コラム:オレのダンディズム
 スポーツ千夜一夜

日本シリーズ第7戦終了後、ファンにあいさつを終え、グラウンドを後にする中日の落合博満監督。優位を予想されたソフトバンクを相手に、守りの野球で食い下がった=2011年11月20日、ヤフードーム【時事通信社】

 すなわち、聞く耳を持つということは、周囲の声に合わせるのとは次元が違うということ。自分が納得できない意見であれば、聞き捨てにだってするということ。自身の判断に従い、時には非情に徹してやっていくということ―。

 落合監督が自らの判断や決断について語ろうとしないのは、もともと口が重い自分が中途半端に言葉で説明しても、得るものはなく、かえって不利益を生む原因になると割り切っているからだろう。言葉足らずが誤解や曲解を招く可能性は当然あるのだが、そこは百も承知のはずである。どんな批判を受けようと、勝つために支障となるものは徹底して排除していく覚悟が見える。
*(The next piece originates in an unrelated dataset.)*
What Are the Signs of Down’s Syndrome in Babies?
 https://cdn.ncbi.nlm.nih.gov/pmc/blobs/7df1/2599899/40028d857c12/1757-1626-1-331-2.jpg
 だから落合監督の意図が伝わってこない場合、人々は面食らう。彼が指揮を執った8年間を振り返れば、まさにそうした例の連続だった。

 2003年オフに就任したときは、「今いる選手が力を10%アップすれば優勝を狙える」と宣言し、フリーエージェント選手などの補強をしなかった。翌04年は、過去3年間に一度も1軍登板のなかった川崎を開幕戦の先発に起用。そして公約通りにリーグ優勝も遂げた。コーチ経験がない新人監督がペナントをつかむ快挙だった。